### TASK INSTRUCTIONS
With the pictures left out, transcribe exactly the lines from the one with "this 1000×450 image." through the end of the data.

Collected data
******

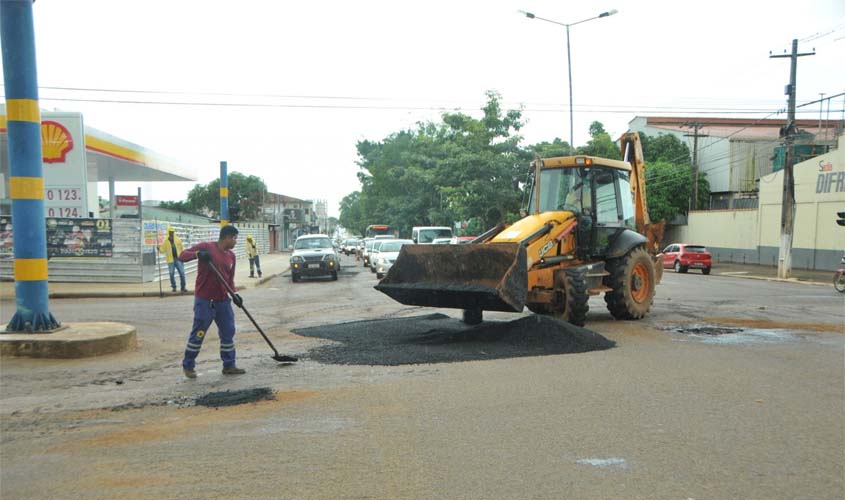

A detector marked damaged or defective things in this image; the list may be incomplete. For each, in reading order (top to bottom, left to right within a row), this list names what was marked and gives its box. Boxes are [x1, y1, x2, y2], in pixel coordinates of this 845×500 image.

pothole in road [290, 312, 612, 364]
fresh asphalt patch [290, 314, 612, 366]
pothole in road [195, 388, 274, 408]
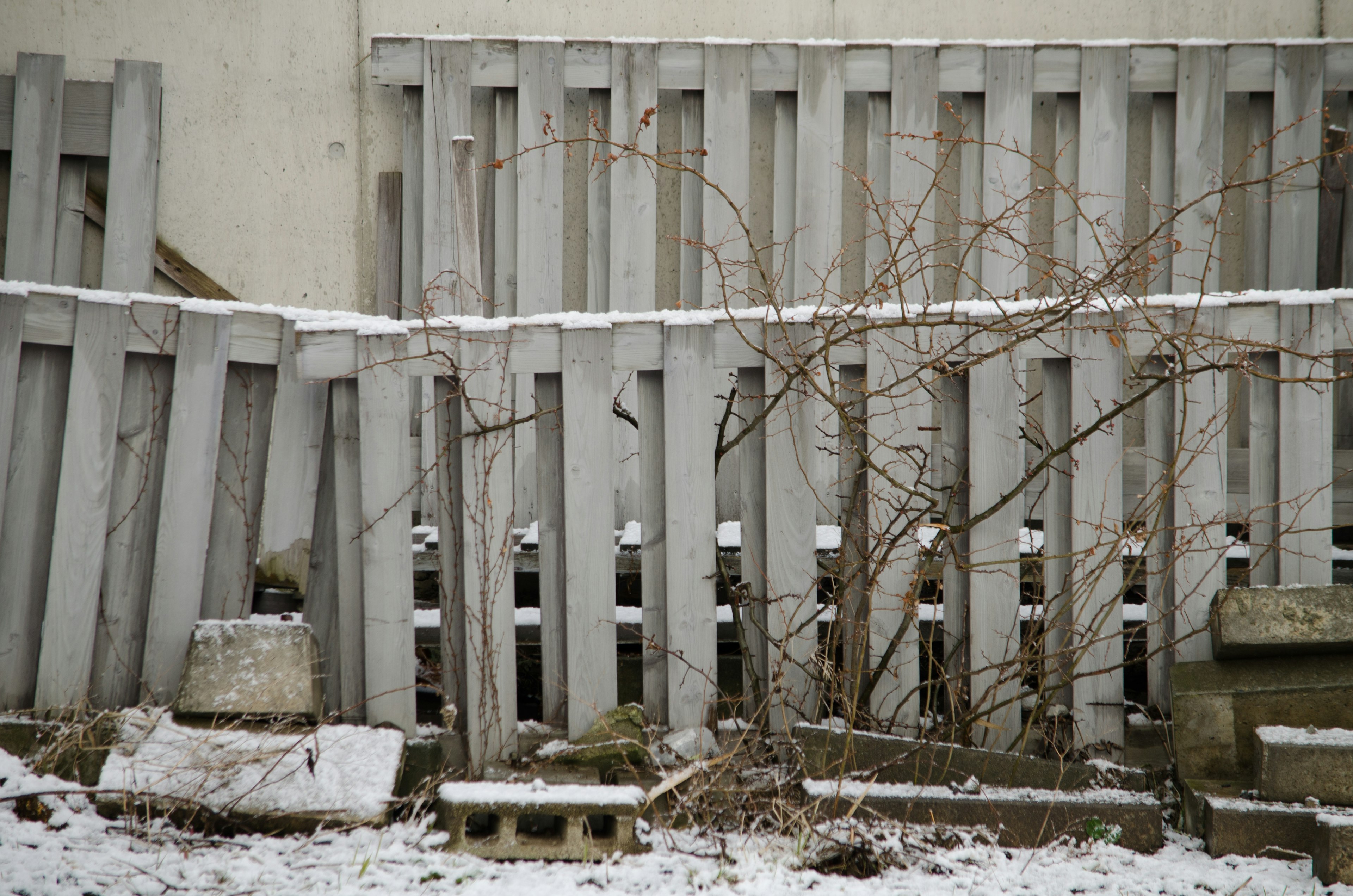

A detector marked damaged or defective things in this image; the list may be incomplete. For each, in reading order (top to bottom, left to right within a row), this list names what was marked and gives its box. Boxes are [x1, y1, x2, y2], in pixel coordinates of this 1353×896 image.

broken concrete slab [1212, 582, 1353, 660]
broken concrete slab [173, 617, 323, 725]
broken concrete slab [98, 709, 403, 834]
broken concrete slab [795, 725, 1158, 796]
broken concrete slab [1169, 652, 1353, 785]
broken concrete slab [1250, 725, 1353, 812]
broken concrete slab [433, 779, 644, 866]
broken concrete slab [801, 785, 1163, 855]
broken concrete slab [1315, 817, 1353, 888]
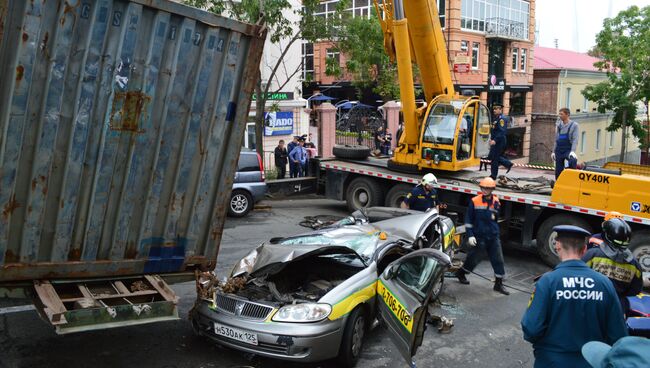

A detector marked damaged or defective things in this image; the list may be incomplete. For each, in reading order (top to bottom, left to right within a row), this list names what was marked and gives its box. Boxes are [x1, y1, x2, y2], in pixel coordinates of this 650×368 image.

rusty shipping container [0, 0, 264, 330]
crushed silver car [190, 208, 458, 366]
shattered windshield [278, 231, 380, 260]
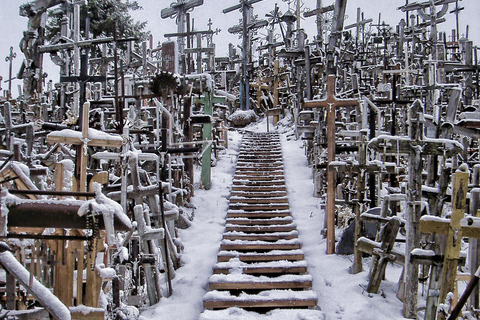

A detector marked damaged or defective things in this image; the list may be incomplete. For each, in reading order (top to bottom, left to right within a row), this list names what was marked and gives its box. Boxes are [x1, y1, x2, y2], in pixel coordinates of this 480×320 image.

rusty metal cross [306, 75, 358, 255]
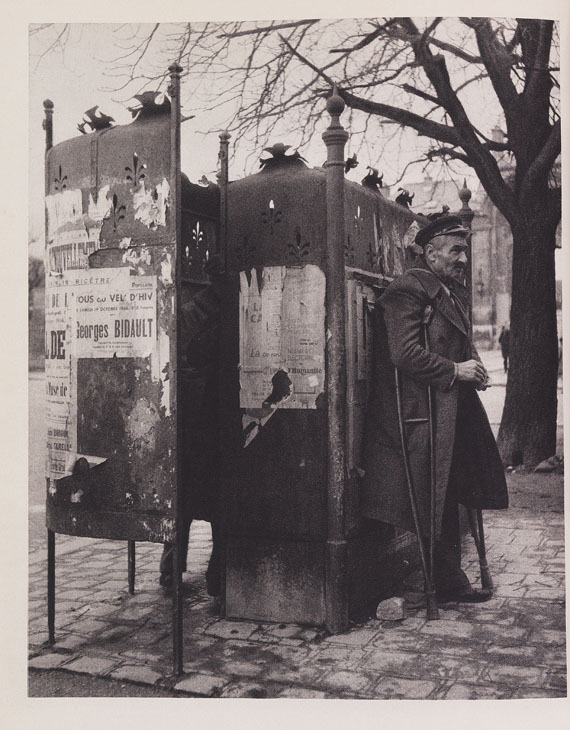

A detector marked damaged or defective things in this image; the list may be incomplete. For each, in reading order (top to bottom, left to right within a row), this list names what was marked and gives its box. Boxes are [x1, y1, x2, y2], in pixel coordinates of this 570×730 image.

rusted metal panel [44, 102, 178, 536]
torn poster [237, 264, 324, 410]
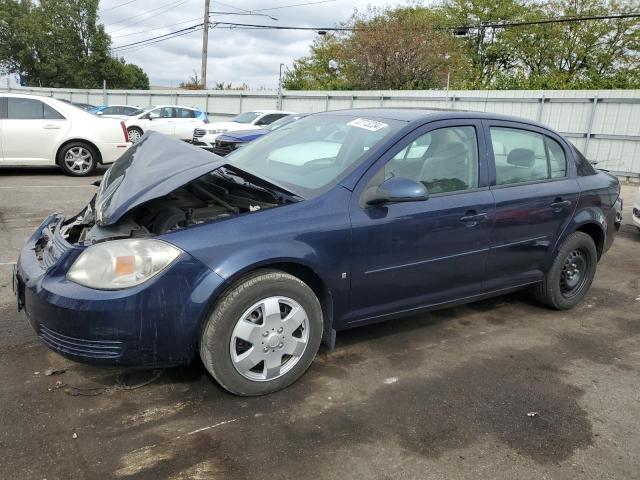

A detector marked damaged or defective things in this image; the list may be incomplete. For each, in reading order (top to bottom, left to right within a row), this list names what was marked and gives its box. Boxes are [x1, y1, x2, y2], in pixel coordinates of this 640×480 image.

crumpled hood [95, 131, 225, 225]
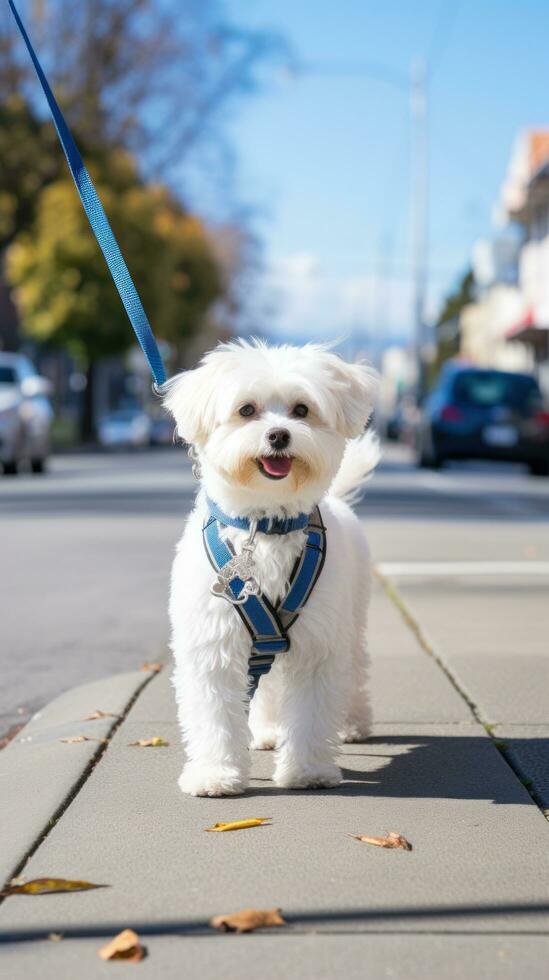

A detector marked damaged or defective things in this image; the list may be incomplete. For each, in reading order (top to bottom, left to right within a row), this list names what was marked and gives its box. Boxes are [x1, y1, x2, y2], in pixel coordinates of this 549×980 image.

pavement crack [376, 572, 548, 824]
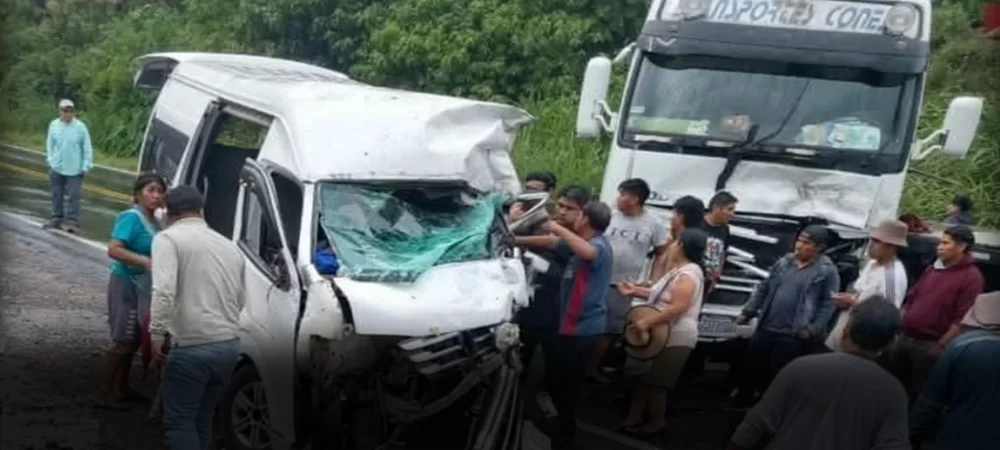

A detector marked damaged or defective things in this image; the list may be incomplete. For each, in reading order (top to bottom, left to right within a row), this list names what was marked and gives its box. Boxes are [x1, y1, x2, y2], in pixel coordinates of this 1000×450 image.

shattered windshield [628, 53, 916, 156]
shattered windshield [318, 182, 504, 282]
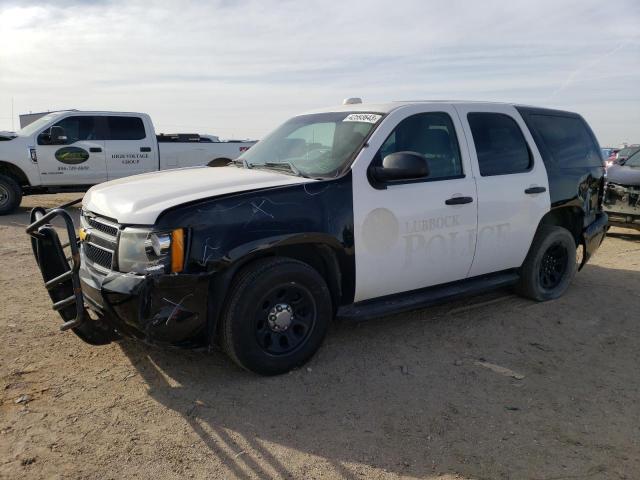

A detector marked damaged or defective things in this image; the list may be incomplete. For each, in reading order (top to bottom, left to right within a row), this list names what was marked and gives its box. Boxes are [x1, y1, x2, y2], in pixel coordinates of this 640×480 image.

damaged front bumper [26, 204, 210, 346]
damaged front bumper [604, 182, 640, 231]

******

### EXERCISE SOLUTION
A detector marked damaged or defective things in this image; the list may be incomplete. For each, in reading order (top to bottom, left to right within a row), this list names what was marked and gives its box. Boxes are [x1, y1, x2, y2], in pixel coordinates of this 1000×450 image.

shattered windshield [628, 53, 916, 156]
shattered windshield [318, 182, 504, 282]

A detector marked damaged or defective things in this image; the list may be incomplete. For each, in reading order (top to bottom, left to right within a row), this list names what was marked and gives its box. Boxes are [x1, y1, x2, y2], in pixel coordinates of this 640×480 image.

damaged front bumper [26, 204, 210, 346]
damaged front bumper [604, 182, 640, 231]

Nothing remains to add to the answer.